Marc Lore, a former Walmart executive, wants to build a futuristic utopia called Telosa.
Telosa is expected to be built on the concept of "equitism," a mashup of equality and capitalism.
There would be an application for the first 50,000 Telosa "settlers," who could move in by 2030.
If Marc Lore's vision comes to fruition, 50,000 residents could be living in an egalitarian utopia by 2030.
Lore, who stepped down as the CEO of Walmart's US e-commerce division earlier this year, announced last month that he plans to build a futuristic city known as Telosa. Telosa - which gets its name from an ancient Greek word meaning "highest purpose" - plans to offer its citizens equal access to education, healthcare, and transportation. Residents would get around in autonomous vehicles, and the city would run on renewable energy, Telosa's website promised.
While citizens of Telosa would be able to build their own homes and sell them, the city would maintain ownership of the land itself, Lore told USA Today's Scott Gleeson on Sunday. He called his vision for the city "equitism" - a mashup of equality and capitalism.

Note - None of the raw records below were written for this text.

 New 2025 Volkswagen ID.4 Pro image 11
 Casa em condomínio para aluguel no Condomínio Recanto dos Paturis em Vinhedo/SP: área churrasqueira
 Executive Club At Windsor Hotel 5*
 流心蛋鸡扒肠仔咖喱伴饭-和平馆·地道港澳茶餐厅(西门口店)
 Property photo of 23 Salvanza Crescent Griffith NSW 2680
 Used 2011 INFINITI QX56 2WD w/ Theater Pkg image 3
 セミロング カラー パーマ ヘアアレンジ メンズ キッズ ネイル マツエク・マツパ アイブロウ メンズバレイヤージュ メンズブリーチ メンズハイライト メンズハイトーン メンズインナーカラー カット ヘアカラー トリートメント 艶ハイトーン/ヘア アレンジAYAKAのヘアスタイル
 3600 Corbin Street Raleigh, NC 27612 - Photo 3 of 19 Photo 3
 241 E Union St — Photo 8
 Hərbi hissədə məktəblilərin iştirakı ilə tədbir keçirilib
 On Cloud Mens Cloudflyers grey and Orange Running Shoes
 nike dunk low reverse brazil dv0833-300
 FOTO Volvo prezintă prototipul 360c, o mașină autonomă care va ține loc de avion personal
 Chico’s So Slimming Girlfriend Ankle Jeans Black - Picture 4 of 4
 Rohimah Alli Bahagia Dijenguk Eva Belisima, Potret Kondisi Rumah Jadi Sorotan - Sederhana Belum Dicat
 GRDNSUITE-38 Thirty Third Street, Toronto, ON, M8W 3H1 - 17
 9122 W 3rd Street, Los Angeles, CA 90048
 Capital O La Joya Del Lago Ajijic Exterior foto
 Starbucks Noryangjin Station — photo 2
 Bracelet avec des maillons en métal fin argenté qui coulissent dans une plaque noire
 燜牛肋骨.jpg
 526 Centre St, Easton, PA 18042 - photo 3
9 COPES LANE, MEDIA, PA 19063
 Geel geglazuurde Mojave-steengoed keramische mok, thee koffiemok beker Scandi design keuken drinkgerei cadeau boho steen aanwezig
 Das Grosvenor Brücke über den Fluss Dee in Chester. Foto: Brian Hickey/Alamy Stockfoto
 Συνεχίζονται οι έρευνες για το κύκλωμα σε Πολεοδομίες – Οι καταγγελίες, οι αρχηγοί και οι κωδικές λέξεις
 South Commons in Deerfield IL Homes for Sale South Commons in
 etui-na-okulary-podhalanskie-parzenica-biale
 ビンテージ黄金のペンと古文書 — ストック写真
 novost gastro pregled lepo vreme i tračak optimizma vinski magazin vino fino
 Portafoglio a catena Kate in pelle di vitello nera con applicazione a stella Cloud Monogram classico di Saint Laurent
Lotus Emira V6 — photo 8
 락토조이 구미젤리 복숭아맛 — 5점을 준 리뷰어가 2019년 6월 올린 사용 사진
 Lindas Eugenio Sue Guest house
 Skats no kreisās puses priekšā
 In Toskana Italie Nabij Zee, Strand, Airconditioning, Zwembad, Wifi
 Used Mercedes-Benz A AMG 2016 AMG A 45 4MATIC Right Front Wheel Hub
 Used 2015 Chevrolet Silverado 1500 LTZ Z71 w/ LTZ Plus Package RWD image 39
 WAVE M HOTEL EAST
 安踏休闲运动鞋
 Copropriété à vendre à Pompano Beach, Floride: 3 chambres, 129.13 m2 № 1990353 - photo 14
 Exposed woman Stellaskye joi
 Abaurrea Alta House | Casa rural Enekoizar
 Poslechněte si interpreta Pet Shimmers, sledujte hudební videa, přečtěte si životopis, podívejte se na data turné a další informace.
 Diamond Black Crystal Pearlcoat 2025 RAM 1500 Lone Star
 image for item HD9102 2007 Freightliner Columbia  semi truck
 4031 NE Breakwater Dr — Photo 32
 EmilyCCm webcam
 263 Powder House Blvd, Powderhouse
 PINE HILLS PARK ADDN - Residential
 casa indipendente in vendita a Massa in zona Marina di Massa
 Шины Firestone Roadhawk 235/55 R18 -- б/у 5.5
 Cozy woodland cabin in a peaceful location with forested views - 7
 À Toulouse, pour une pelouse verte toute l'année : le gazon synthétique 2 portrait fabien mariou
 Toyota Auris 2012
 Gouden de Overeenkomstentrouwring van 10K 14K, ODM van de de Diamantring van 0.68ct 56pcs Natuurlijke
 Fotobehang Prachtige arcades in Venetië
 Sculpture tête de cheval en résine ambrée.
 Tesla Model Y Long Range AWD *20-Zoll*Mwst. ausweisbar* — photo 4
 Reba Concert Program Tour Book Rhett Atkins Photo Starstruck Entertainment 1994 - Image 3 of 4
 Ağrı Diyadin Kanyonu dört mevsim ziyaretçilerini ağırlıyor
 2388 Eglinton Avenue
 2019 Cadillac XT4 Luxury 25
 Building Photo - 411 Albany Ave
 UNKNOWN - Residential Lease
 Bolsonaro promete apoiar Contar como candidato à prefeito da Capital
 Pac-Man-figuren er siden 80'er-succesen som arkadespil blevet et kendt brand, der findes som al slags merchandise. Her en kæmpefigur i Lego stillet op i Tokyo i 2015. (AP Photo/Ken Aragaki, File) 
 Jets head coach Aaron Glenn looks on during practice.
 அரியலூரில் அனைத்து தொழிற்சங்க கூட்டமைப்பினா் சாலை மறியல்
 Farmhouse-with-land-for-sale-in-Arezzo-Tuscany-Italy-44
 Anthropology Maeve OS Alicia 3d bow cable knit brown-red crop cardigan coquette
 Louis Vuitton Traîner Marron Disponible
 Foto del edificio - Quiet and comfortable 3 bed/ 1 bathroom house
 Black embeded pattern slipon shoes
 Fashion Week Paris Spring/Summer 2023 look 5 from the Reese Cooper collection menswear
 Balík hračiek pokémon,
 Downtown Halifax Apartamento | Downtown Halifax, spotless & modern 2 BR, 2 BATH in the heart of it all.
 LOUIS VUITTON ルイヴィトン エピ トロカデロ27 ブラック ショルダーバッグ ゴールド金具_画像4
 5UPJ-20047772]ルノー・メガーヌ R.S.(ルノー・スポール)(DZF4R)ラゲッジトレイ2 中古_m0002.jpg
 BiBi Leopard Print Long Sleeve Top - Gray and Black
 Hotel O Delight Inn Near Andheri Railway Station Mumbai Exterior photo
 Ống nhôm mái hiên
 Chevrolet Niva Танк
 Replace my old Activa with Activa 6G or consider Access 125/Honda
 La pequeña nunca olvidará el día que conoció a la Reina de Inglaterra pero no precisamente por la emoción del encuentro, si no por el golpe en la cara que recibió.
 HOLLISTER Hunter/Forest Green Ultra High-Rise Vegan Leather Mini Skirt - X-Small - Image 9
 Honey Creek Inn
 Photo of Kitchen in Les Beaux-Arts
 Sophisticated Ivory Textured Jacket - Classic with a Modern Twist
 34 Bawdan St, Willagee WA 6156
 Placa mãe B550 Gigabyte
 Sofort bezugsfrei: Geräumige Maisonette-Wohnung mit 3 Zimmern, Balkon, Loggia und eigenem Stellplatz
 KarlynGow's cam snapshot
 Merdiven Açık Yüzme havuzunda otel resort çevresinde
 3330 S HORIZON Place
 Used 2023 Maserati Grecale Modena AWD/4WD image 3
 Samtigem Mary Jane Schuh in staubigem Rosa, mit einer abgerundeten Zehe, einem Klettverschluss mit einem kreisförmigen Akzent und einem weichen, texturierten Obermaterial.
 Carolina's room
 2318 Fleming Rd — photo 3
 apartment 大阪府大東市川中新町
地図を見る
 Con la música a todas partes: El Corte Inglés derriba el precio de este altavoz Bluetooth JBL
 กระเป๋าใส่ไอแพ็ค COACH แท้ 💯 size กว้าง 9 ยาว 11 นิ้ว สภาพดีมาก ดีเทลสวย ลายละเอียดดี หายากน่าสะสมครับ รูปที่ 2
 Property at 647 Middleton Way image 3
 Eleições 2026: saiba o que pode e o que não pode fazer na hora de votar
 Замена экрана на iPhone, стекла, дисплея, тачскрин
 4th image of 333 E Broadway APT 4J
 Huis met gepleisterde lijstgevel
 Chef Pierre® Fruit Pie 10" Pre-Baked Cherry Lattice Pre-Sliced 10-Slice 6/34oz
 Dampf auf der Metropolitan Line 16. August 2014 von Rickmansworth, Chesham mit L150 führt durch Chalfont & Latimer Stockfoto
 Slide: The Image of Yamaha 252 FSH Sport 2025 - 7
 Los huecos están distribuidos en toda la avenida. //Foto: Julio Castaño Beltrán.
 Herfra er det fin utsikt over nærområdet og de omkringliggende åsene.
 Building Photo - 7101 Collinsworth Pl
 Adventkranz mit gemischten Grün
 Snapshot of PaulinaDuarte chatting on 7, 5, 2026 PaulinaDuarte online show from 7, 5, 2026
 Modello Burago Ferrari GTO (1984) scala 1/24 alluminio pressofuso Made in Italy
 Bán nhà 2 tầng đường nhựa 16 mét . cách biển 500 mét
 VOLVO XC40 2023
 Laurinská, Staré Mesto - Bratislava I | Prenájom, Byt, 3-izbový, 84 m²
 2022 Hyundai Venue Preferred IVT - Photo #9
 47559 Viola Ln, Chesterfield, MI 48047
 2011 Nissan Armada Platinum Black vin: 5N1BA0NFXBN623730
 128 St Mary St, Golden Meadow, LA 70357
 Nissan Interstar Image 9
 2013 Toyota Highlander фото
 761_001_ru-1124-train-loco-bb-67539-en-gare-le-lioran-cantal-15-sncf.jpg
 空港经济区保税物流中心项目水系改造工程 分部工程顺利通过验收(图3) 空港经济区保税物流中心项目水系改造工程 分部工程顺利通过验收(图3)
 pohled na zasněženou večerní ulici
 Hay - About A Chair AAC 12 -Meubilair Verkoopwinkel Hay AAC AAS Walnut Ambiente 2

"The sole purpose of creating a city in the desert would be so it's owned by the community, basically take all the appreciation of the land and give it back to the citizens," Lore told USA Today. "Taxes paid will go back to the city for infrastructure - roads, tunnels and bridges - so everyone would know exactly where their money is going."
It's an ambitious endeavor, and an expensive one: The city's website estimated the first phase would cost $25 billion, with the total cost of the city surpassing $400 billion. It would be funded by investors and philanthropists, as well as government grants and subsidies, the Telosa website said.
There's no set location for Telosa just yet, but a few regions have been mentioned as possibilities: Nevada, Utah, Idaho, Arizona, Texas, and the Appalachian region, which includes 13 states in the eastern part of the US.
The first phase of Telosa - stocking the city with 50,000 residents by 2030 - would likely include an application process, Lore told USA Today.
"Settlers" of the city would be chosen via a selection process focused on diversity and inclusion, he said, and he's working to determine the criteria with the help of a team of staff and volunteers that includes architects, economists, engineers, and climate experts.
Lore told USA Today that he also plans to build a venture-capital fund for startups willing to relocate to Telosa.
In renderings of Telosa created by the prestigious Danish architectural firm Bjarke Ingels Group, the streets are filled with robots and autonomous vehicles; there's a high-speed rail system; and a futuristic skyscraper - dubbed the "Equitism Tower," USA Today reported - dominates the skyline.
Telosa may be Lore's most radical undertaking to date, but he has a long history of entrepreneurial projects. In 2005, Lore cofounded Quidsi, the parent company of Diapers.com, which he sold to Amazon six years later for $500 million. After a short stint at Amazon, Lore founded Jet.com, an e-commerce competitor that he sold to Walmart in 2016 for $3 billion in cash, plus stock. He served as Walmart's US e-commerce CEO for over four years, announcing in January that he was leaving to focus on building "a reformed version of capitalism," he told Recode at the time.
Like fellow tech billionaires Mark Cuban, Steve Ballmer, and the late Paul Allen, Lore has also gotten involved in the world of professional sports: In July, Lore and former Yankees star Alex Rodriguez teamed up to purchase the NBA's Minnesota Timberwolves and the WNBA's Minnesota Lynx.